→ **Source records**
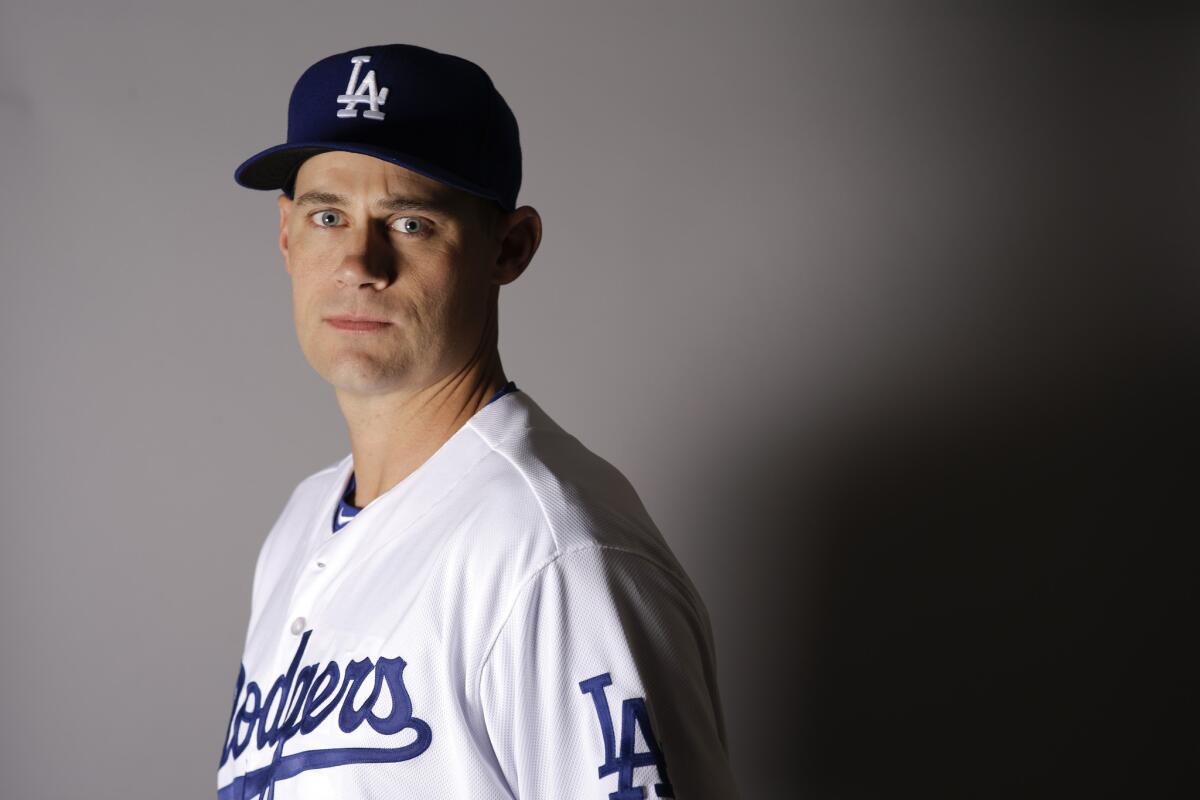 Headgear - Blue Crenshaw Baseball Jersey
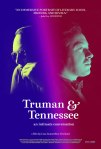 TrumanTennessee_poster_675x1000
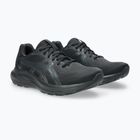 Buty do biegania męskie ASICS Gel-Contend 10 black/carrier grey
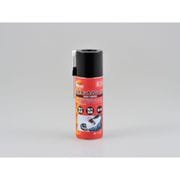 ガスケットリムーバー 420ml 96408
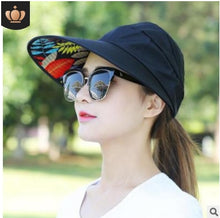 Load image into Gallery viewer, Medical Mission Statement Hat - Astrata Trial Store

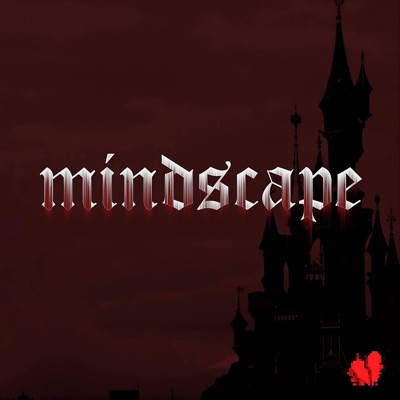 Mindscape (feat. Astral Trap) - Single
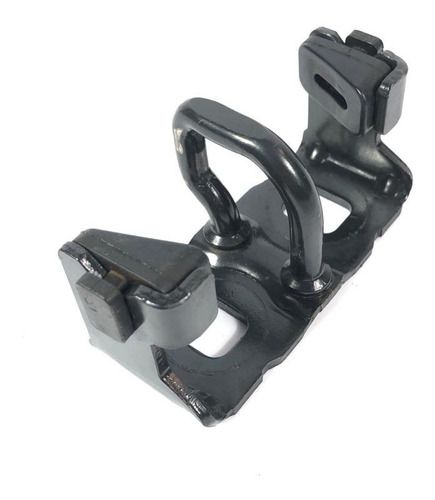 Batente Porta Malas Renault Duster 2014 40207170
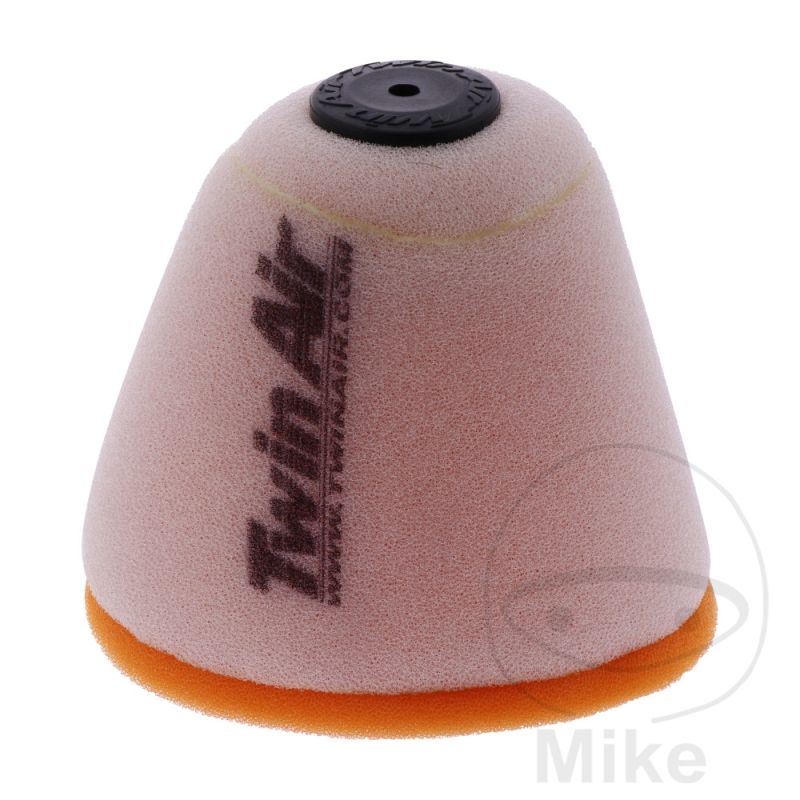 Filtro de Aire Sport Foam Twin Air para Powerflow | Motos Camaral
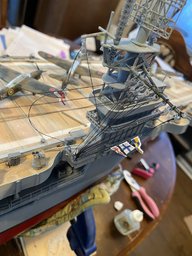 IMG_0294.jpeg
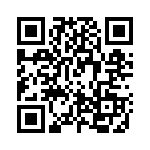 RP-1HV1 QRCode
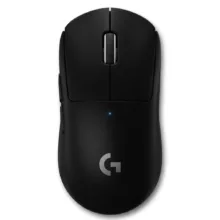 ماوس بی سیم مخصوص بازی لاجیتک مدل G Pro X Superlight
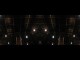 Thumbs/tn_152_Fliesen1.jpg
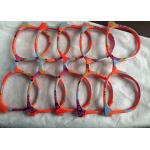Dye And Pigment Ink Stickers For Glasses Frames ECO Friendly Nontoxic for sale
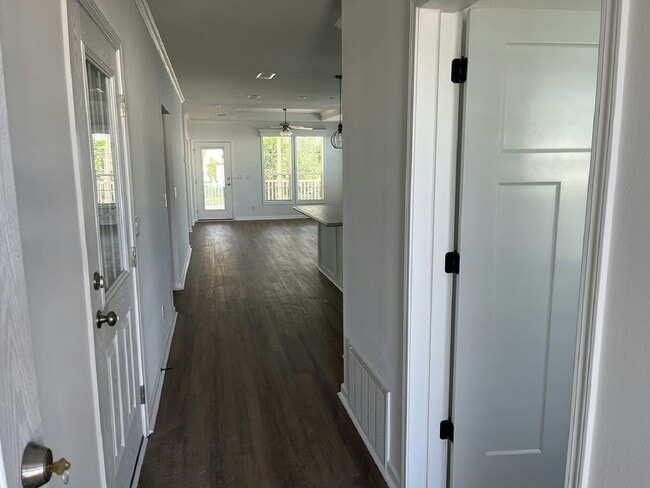 Building Photo - 7973 Yukon Trl
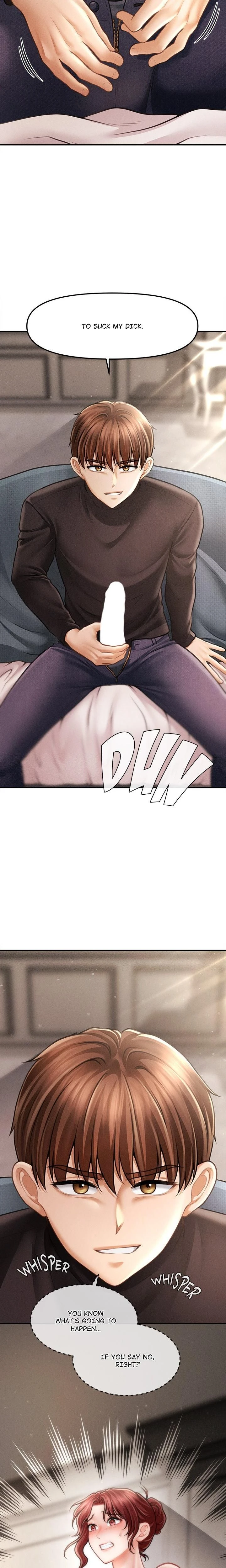 หน้าที่ 25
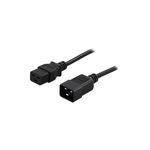 BlueWalker PowerWalker (91010028)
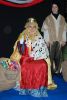 090105_Cabalgata_Reyes_20.JPG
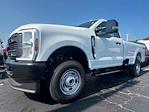 2025 Ford F-250 Regular Cab 4x4 Pickup for sale #C250740 - photo 4
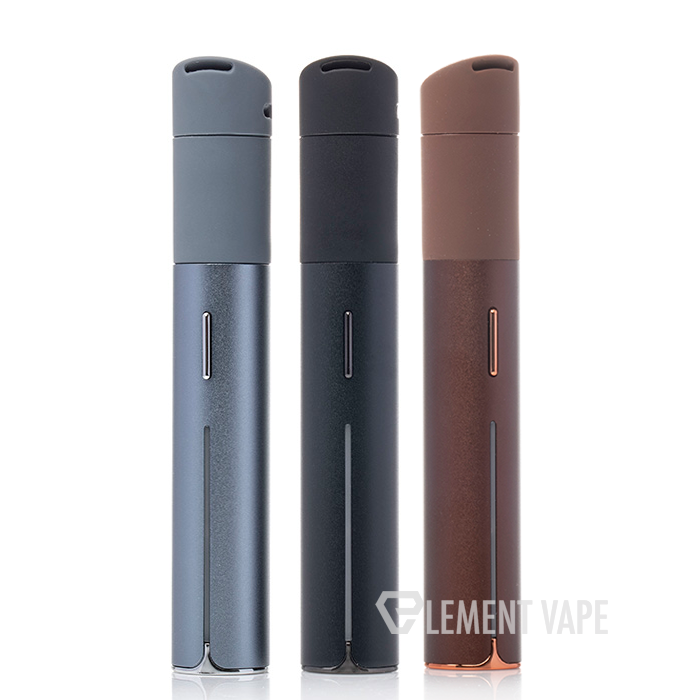 elfbar elfa kaufen Puffco Pivot – VaporizeUSA main image 1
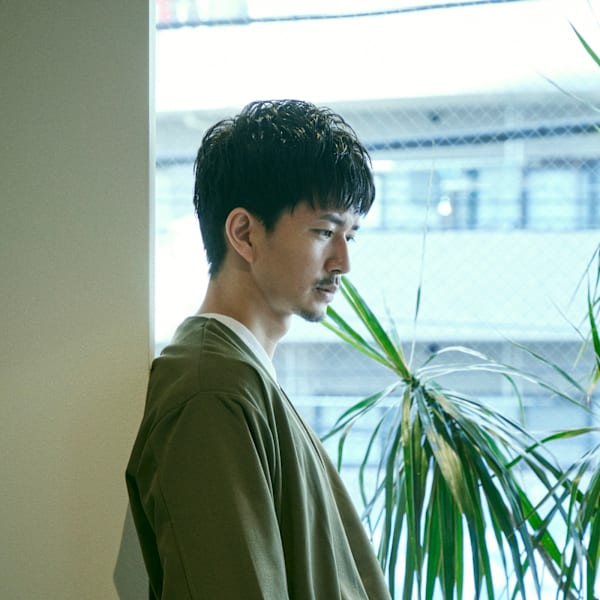 SKY second×スタイル|SKY second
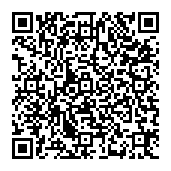 特定農業區甲種建築用地交通用地-QR CODE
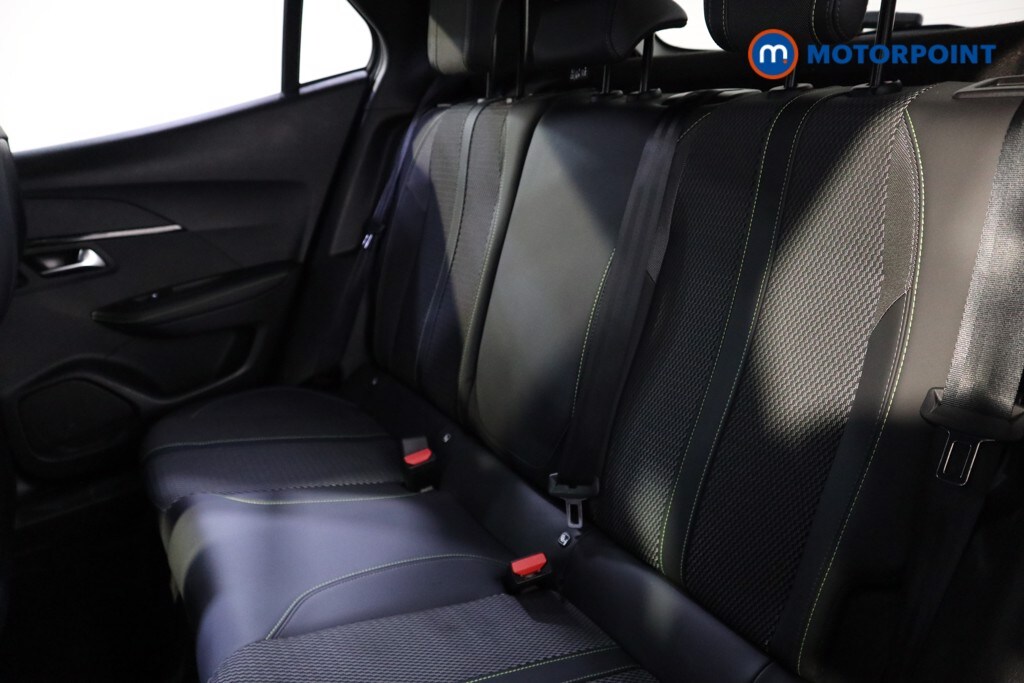 Used Peugeot 2008 2025 for sale - 77814724: Photo 26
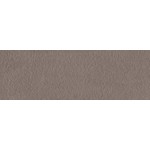 Mosa Core Collection Terra 20x60 204 Rl Agaatgrijs Mat, afname per doos van 0,72 m²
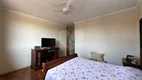 Foto 37 de Casa com 3 Quartos à venda, 352m² em São Dimas, Piracicaba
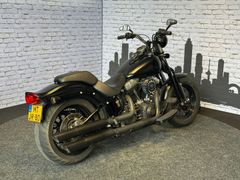Harley-Davidson Flstsb Cross-Bones 2008 occasion – foto 3 van 13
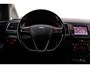 SEAT Alhambra 1.4TSI 7Pers STYLE Plus XENON/CAMERA/NAVI/CARPLAY/STOELVERW/ELEK TREKHAAK/PDC V+A/LMV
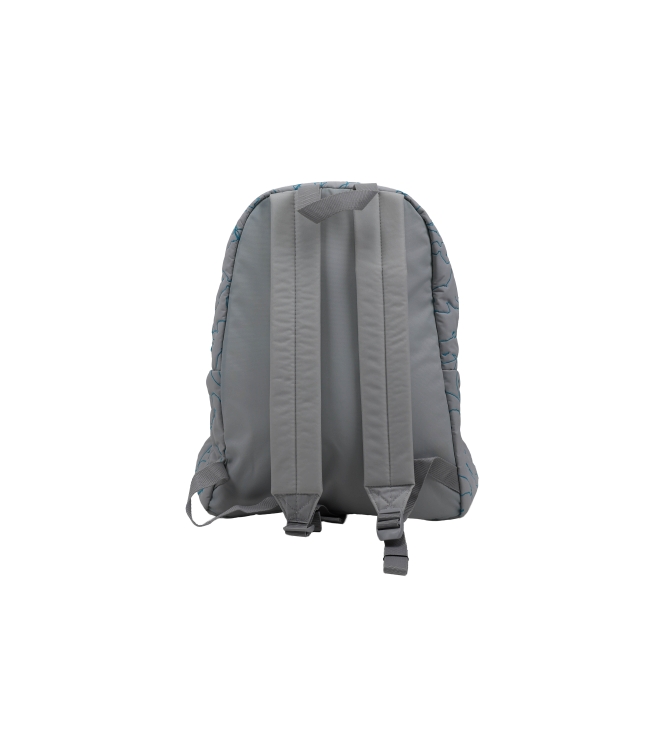 Eastpak Rugzak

→ **Task instructions**
Transcribe the data verbatim. No picture belongs in the result.

→ **Result**
 Headgear - Blue Crenshaw Baseball Jersey
 TrumanTennessee_poster_675x1000
 Buty do biegania męskie ASICS Gel-Contend 10 black/carrier grey
 ガスケットリムーバー 420ml 96408
 Load image into Gallery viewer, Medical Mission Statement Hat - Astrata Trial Store

 Mindscape (feat. Astral Trap) - Single
 Batente Porta Malas Renault Duster 2014 40207170
 Filtro de Aire Sport Foam Twin Air para Powerflow | Motos Camaral
 IMG_0294.jpeg
 RP-1HV1 QRCode
 ماوس بی سیم مخصوص بازی لاجیتک مدل G Pro X Superlight
 Thumbs/tn_152_Fliesen1.jpg
Dye And Pigment Ink Stickers For Glasses Frames ECO Friendly Nontoxic for sale
 Building Photo - 7973 Yukon Trl
 หน้าที่ 25
 BlueWalker PowerWalker (91010028)
 090105_Cabalgata_Reyes_20.JPG
 2025 Ford F-250 Regular Cab 4x4 Pickup for sale #C250740 - photo 4
 elfbar elfa kaufen Puffco Pivot – VaporizeUSA main image 1
 SKY second×スタイル|SKY second
 特定農業區甲種建築用地交通用地-QR CODE
 Used Peugeot 2008 2025 for sale - 77814724: Photo 26
 Mosa Core Collection Terra 20x60 204 Rl Agaatgrijs Mat, afname per doos van 0,72 m²
 Foto 37 de Casa com 3 Quartos à venda, 352m² em São Dimas, Piracicaba
Harley-Davidson Flstsb Cross-Bones 2008 occasion – foto 3 van 13
 SEAT Alhambra 1.4TSI 7Pers STYLE Plus XENON/CAMERA/NAVI/CARPLAY/STOELVERW/ELEK TREKHAAK/PDC V+A/LMV
 Eastpak Rugzak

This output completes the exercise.